- **Problem requirements**
From the data below, return only the lines from the one with "TV/Unterhaltungsangebot in der" through the one with "40 Years - The", exact and inclusive, with pictures left out.
==========
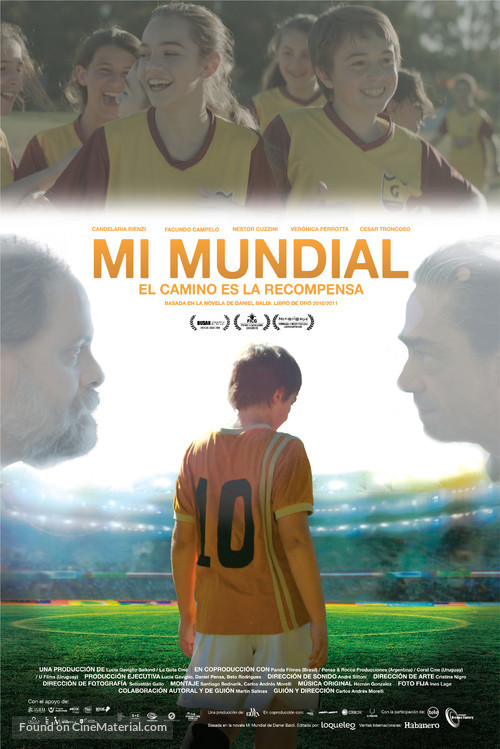 Mi Mundial - Spanish Movie Poster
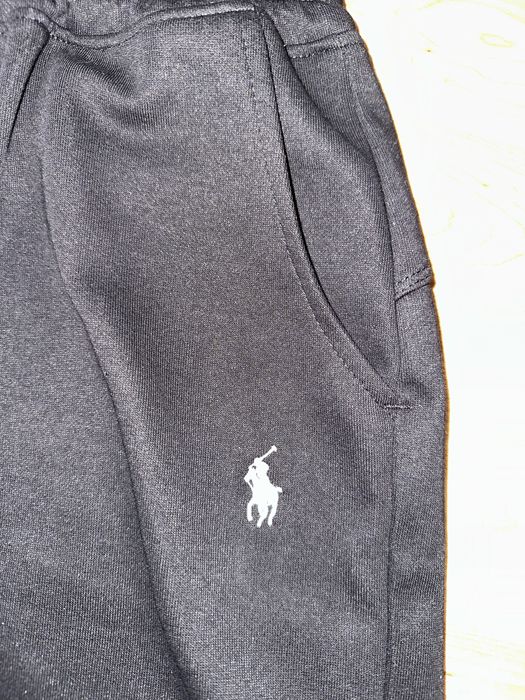 Spodenki czarne Polo Ralph Lauren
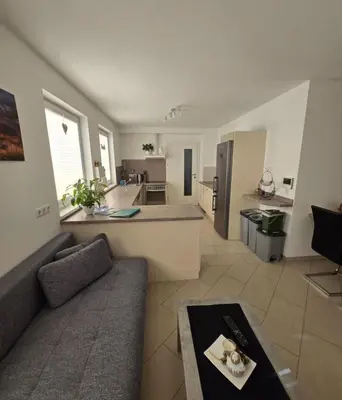 TV/Unterhaltungsangebot in der Unterkunft Karos-Apartment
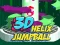 3D Helix Jump Ball — безплатна онлайн игра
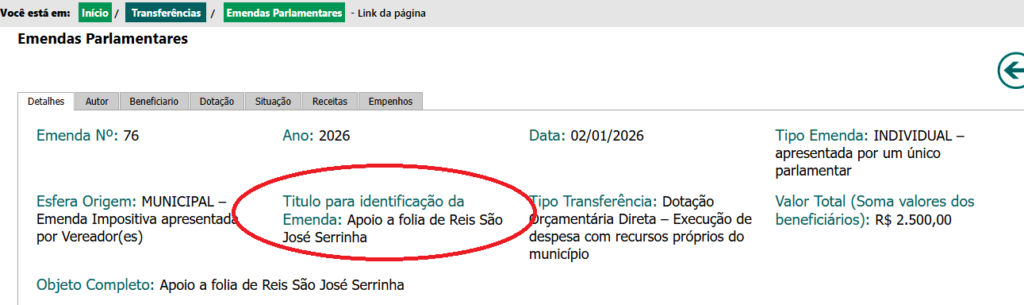 v11-1024x305 Emendas Para Obras Ganham Destaque e Mostram Caminhos Diferentes na Aplicação do Dinheiro Público em Bom Jesus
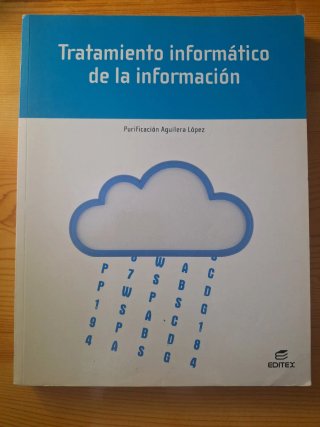 Tratamiento informático de la información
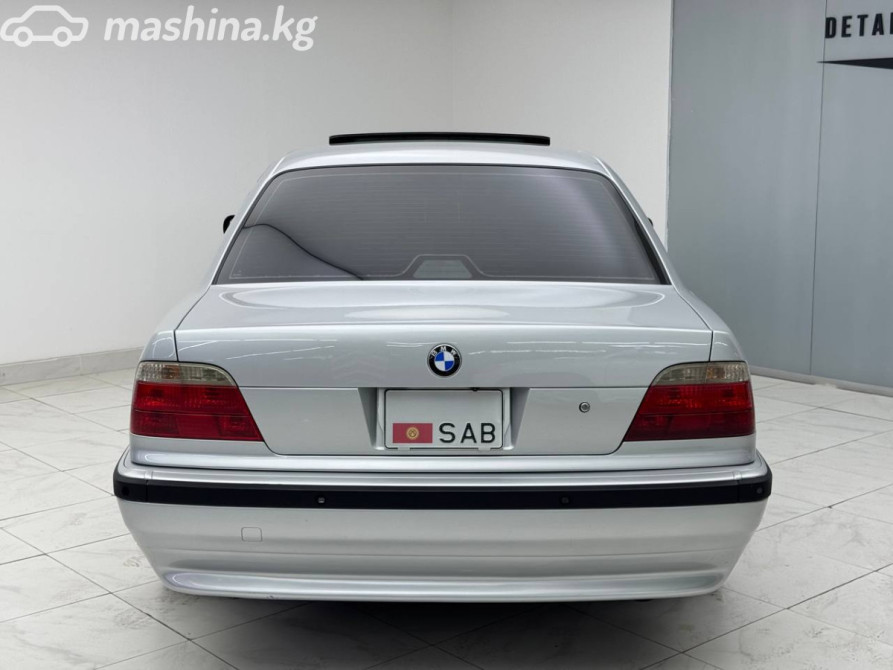 BMW 7 серии III (E38) Рестайлинг 740i 4.4, 2000 Бишкек - сүрөт 7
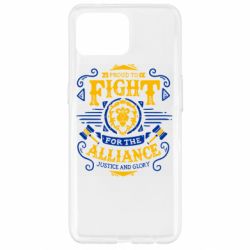 Чехол для Oppo Reno 4 Lite Proud to fight for the Alliance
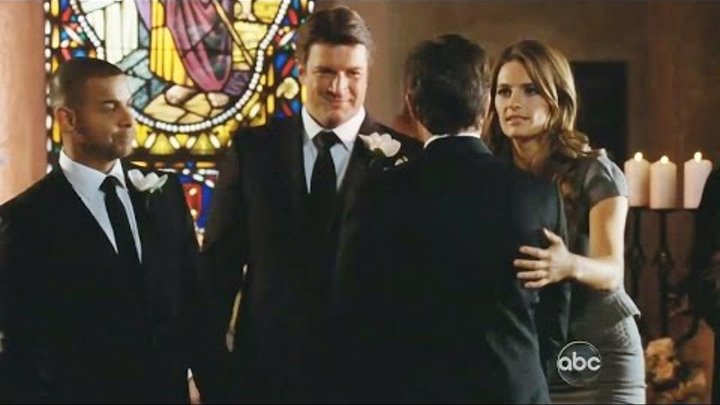 Castle 4x11 Moment: Who knows Castle, maybe third time is a charm (Till Death Do Us Part)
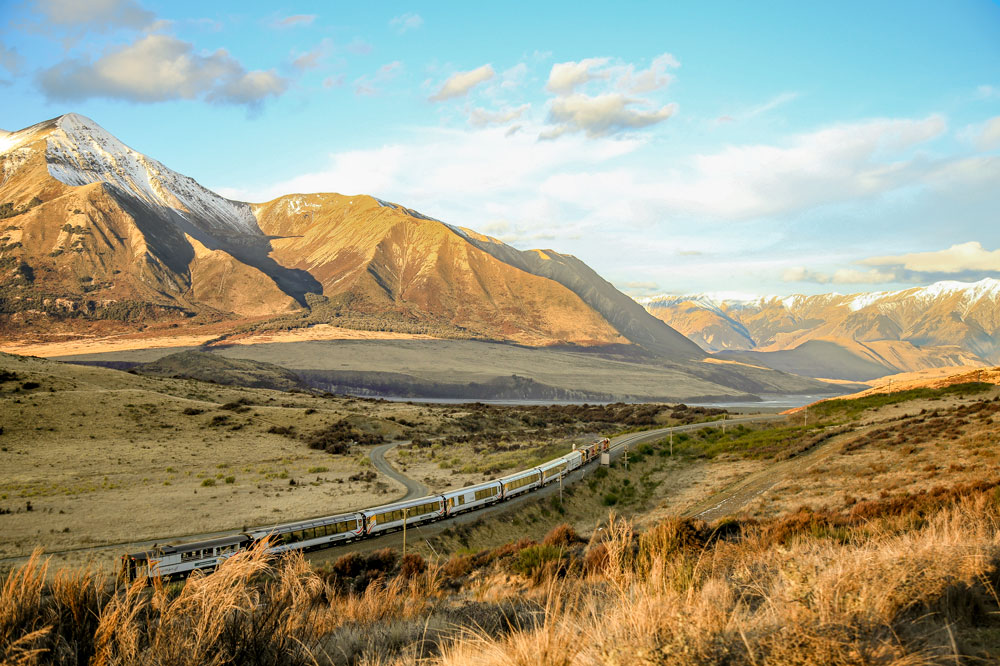 阿爾卑斯號高山景觀火車票（基督城 - 亞瑟通道）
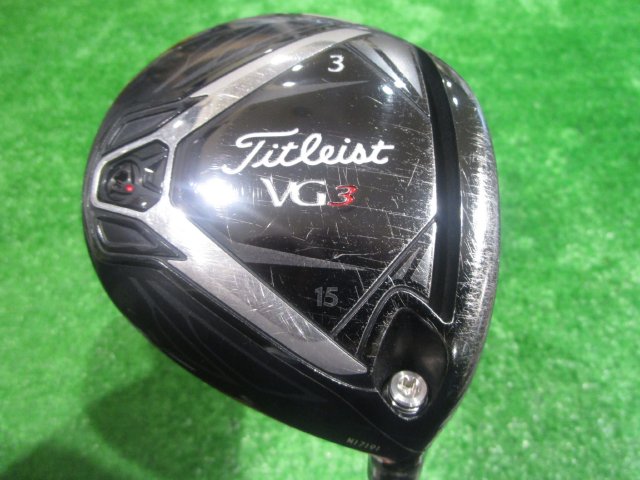 中古ゴルフ VG3 2018 3W 15°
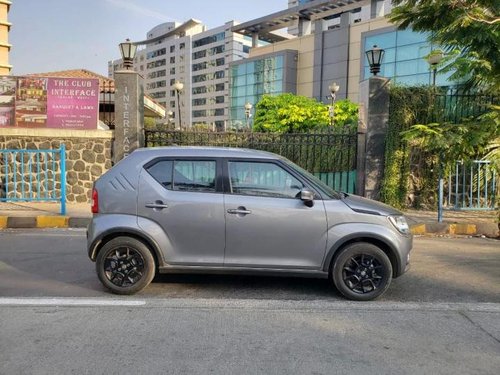 Used Maruti Suzuki Ignis 2017 MT for sale in Mumbai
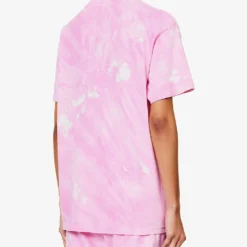 Wellness Studio Tie-dye Cotton-jersey T-shirt -Outlet Pique Style Store R04205047 TAFFY ALT03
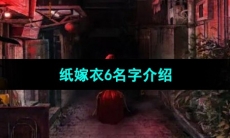 《纸嫁衣6无间梦境千秋魇》名字介绍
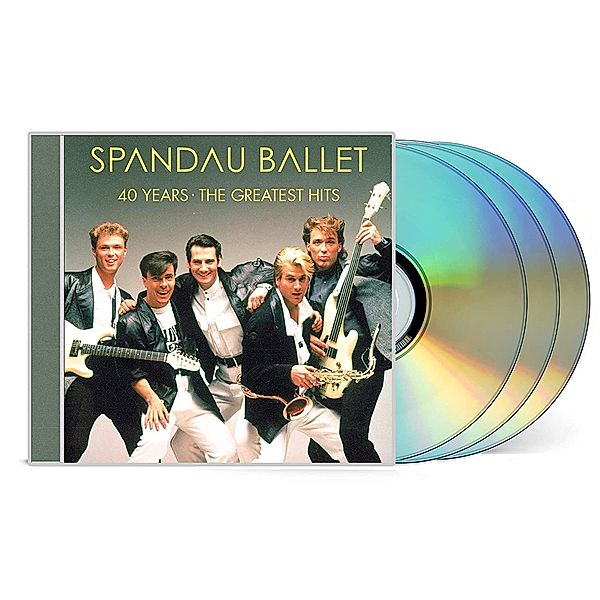 40 Years - The Greatest Hits (3 CDs), Spandau Ballet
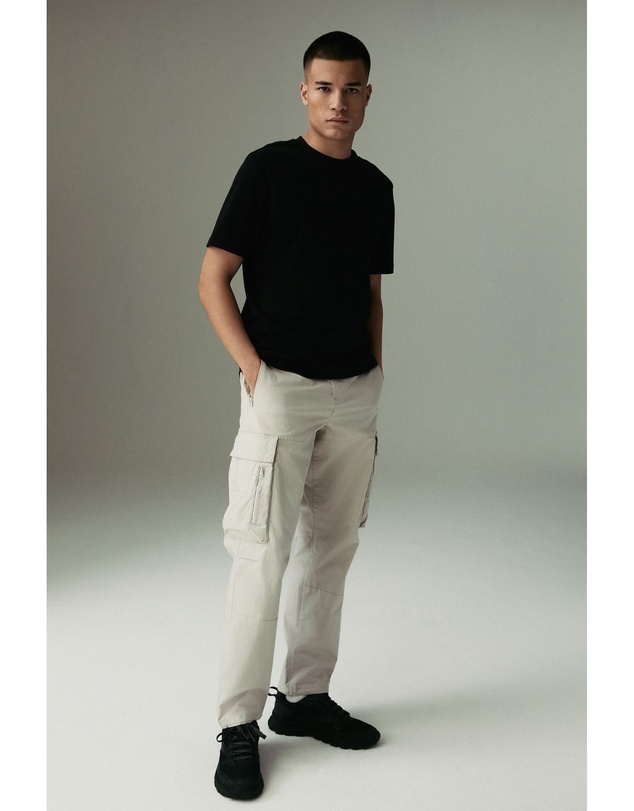 NEXT - Tech Stretch Utility Cargo Trousers Regular Fit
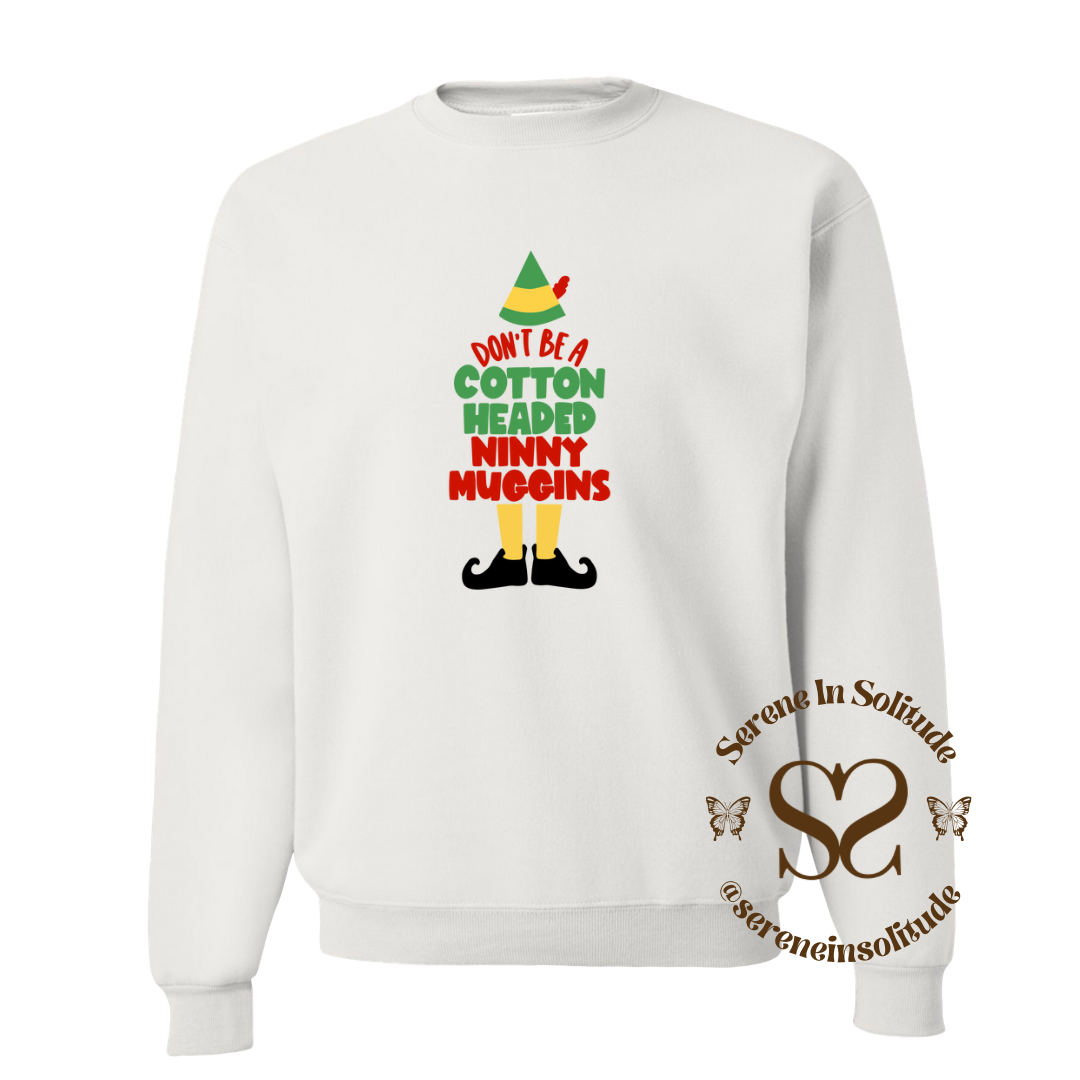 Cotton Headed Ninny Muggins Sweatshirt/Hood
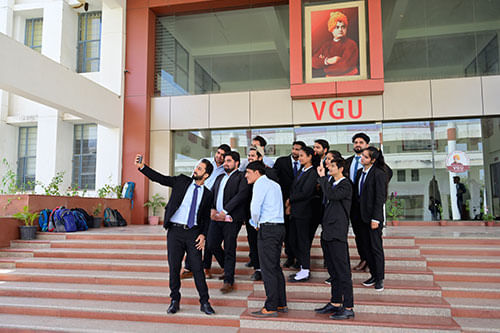 VGU Jaipur: Honoured by SIDBI for the Swavalamban Chair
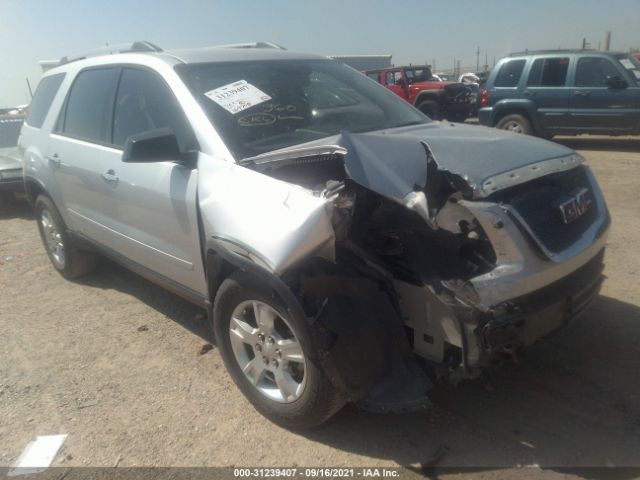 GMC ACADIA 2011 1gkkrped4bj278016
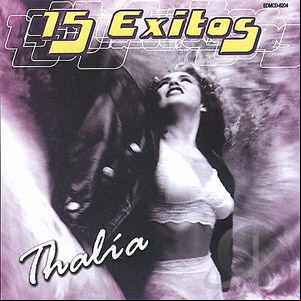 Álbum 15 Éxitos de Thalia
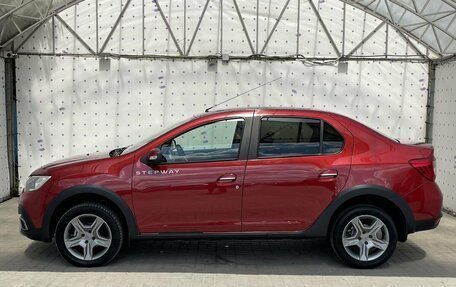 Renault Logan II, 2019 год, 1 370 000 рублей, 10 фотография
==========
- **Problem solution**
 TV/Unterhaltungsangebot in der Unterkunft Karos-Apartment
 3D Helix Jump Ball — безплатна онлайн игра
 v11-1024x305 Emendas Para Obras Ganham Destaque e Mostram Caminhos Diferentes na Aplicação do Dinheiro Público em Bom Jesus
 Tratamiento informático de la información
 BMW 7 серии III (E38) Рестайлинг 740i 4.4, 2000 Бишкек - сүрөт 7
 Чехол для Oppo Reno 4 Lite Proud to fight for the Alliance
 Castle 4x11 Moment: Who knows Castle, maybe third time is a charm (Till Death Do Us Part)
 阿爾卑斯號高山景觀火車票（基督城 - 亞瑟通道）
 中古ゴルフ VG3 2018 3W 15°
 Used Maruti Suzuki Ignis 2017 MT for sale in Mumbai
 Wellness Studio Tie-dye Cotton-jersey T-shirt -Outlet Pique Style Store R04205047 TAFFY ALT03
 《纸嫁衣6无间梦境千秋魇》名字介绍
 40 Years - The Greatest Hits (3 CDs), Spandau Ballet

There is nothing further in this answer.